4. Make your coffee black and your tea green 

There are all sorts of myths surrounding the world’s favorite drink, but when taken in the recommended dose, coffee has a great impact on your health. One study found that both coffee and tea drinkers have 20 to 30 percent lower risk of early death. Creamers, milk, and sugar however are not on the healthy side. It doesn’t mean that drinking creamy milky coffee will make you unhealthy, but it will lessen the positive effects since proteins from milk can bind to certain bioactive compounds.

Green tea, which won't stress your budget much further, is arguably the healthiest drink in the world because it’s filled with antioxidants in the form of polyphenols and catechins. Increased mental and cardiovascular health are just some of the benefits!  

5. Consider intermittent fasting

There’s been a lot of hype around intermittent fasting lately, but for a good reason. Having a 16-hour window of fasting, or 24-hour fasts once a week, has been linked to numerous health benefits including increased lifespan, slower aging, lower risk of cardiovascular diseases, obesity, diabetes, and neurodegenerative diseases like Alzheimer’s.

6. Don’t forget healthy plant food

Vitamins, minerals, bioactive compounds, fibers, and antioxidants are just some of the benefits whole plant food has to offer. That doesn’t mean that you should spend a fortune on overpriced organic food. Instead, focus on seasonal fruits and veggies like broccoli, cabbage, tomato, carrots, potatoes, oranges or apples, that can all be bought for a reasonable price. Indeed, going vegetarian can be a lot cheaper than eating meat!

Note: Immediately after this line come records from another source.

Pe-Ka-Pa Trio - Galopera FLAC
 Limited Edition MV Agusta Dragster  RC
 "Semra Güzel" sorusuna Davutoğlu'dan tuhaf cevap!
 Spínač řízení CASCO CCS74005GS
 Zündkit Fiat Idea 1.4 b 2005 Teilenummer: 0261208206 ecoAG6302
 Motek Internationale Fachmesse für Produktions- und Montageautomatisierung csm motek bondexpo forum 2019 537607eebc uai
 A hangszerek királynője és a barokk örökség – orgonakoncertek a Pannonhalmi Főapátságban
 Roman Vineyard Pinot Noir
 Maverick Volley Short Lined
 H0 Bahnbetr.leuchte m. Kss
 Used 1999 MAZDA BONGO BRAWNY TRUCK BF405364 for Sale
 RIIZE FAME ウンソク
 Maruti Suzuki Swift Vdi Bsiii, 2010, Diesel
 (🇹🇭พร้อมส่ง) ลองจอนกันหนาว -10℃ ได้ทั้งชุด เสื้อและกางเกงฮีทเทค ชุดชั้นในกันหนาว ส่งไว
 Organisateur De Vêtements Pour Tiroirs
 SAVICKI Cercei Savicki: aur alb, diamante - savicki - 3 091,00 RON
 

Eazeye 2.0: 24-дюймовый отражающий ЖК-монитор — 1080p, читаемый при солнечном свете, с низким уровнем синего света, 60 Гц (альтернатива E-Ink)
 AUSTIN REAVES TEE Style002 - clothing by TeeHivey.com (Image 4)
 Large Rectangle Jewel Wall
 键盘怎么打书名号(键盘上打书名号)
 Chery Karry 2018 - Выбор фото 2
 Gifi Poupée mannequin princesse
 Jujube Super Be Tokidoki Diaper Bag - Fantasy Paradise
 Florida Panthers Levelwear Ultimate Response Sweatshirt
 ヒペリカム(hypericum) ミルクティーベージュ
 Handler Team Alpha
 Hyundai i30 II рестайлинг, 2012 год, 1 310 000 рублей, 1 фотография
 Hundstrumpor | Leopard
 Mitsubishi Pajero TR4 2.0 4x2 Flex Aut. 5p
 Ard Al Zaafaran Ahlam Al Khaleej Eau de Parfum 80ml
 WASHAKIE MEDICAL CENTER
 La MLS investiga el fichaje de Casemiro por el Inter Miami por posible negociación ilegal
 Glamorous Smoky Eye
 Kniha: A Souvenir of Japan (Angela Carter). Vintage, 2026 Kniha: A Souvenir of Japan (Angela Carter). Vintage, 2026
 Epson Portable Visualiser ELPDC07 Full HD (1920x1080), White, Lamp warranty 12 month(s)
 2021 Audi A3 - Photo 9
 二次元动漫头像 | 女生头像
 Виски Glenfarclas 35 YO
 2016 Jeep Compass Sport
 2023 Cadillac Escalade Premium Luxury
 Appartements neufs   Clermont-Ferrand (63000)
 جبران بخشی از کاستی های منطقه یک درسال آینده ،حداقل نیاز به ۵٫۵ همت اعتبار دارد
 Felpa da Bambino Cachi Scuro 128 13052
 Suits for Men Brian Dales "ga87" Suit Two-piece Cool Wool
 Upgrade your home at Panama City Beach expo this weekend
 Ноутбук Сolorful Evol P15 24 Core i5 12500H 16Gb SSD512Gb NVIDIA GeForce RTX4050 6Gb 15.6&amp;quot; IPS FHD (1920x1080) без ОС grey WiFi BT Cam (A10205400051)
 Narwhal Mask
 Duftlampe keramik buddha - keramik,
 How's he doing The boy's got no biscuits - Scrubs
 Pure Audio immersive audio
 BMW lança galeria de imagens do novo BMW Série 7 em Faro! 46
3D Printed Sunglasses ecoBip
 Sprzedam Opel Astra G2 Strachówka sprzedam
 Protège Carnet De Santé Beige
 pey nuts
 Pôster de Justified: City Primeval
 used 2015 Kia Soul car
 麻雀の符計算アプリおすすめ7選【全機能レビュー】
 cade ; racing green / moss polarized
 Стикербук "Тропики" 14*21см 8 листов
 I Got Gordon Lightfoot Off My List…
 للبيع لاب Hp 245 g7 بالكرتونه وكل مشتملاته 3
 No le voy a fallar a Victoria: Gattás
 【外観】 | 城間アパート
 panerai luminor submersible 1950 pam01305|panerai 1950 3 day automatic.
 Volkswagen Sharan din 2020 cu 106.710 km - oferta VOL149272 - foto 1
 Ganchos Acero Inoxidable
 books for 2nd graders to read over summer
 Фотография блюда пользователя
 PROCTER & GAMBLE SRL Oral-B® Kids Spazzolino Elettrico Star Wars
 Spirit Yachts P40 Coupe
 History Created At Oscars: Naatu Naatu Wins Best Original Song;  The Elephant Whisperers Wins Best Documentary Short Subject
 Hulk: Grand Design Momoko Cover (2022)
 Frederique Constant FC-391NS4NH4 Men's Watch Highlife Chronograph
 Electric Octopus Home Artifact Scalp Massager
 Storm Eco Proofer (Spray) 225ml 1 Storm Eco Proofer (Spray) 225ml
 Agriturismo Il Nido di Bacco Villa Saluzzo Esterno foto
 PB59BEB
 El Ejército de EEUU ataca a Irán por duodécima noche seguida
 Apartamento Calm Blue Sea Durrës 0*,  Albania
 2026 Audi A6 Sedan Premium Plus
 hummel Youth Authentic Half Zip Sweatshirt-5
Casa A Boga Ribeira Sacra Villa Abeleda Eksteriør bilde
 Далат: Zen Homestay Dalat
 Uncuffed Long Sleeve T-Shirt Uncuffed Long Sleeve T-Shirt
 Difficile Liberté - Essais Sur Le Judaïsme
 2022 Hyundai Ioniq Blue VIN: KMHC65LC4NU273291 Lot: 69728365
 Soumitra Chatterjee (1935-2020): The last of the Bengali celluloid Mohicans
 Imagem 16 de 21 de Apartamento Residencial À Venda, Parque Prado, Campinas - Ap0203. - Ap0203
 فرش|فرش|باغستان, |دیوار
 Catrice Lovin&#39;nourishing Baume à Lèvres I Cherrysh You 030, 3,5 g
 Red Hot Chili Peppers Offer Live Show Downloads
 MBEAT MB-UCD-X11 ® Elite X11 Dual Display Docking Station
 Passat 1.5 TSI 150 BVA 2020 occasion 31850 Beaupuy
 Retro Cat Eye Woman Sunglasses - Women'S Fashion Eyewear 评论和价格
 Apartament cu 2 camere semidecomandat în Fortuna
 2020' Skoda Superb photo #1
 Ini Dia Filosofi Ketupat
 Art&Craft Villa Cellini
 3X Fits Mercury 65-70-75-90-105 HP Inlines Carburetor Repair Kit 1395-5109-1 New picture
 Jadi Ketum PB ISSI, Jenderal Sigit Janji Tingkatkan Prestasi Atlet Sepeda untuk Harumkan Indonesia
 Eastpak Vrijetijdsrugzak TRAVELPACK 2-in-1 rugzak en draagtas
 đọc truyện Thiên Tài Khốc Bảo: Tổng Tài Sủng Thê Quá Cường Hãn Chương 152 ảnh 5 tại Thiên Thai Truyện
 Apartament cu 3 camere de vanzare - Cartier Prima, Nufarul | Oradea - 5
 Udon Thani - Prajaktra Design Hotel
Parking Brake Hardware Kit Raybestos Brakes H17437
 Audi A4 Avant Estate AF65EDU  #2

7. Some health benefits come from stuff you stop doing

If you drink too much alcohol, smoke, or eat a lot of pro-inflammatory food (processed sugars and meat), the good habits won’t have that much of an effect. On the plus side, all these things also cost money.

8. Your happiness should come first

That’s what all comes down to. Happier people live longer. A study conducted in the United States found that people who declared themselves as very happy had a 14 percent lower risk of dying early compared to people who said that they weren’t happy. It makes sense from a scientific point of view as well, since happy people are less likely to experience anxiety and stress that are a driving force for many diseases.

There’s no one universal recipe for health, and the bottom line is that you should be mindful and listen to your body and how it responds to different changes you’re making. If just the thought of running makes you miserable, then it’s just not the right solution for you and the stress over it might outweigh health benefits.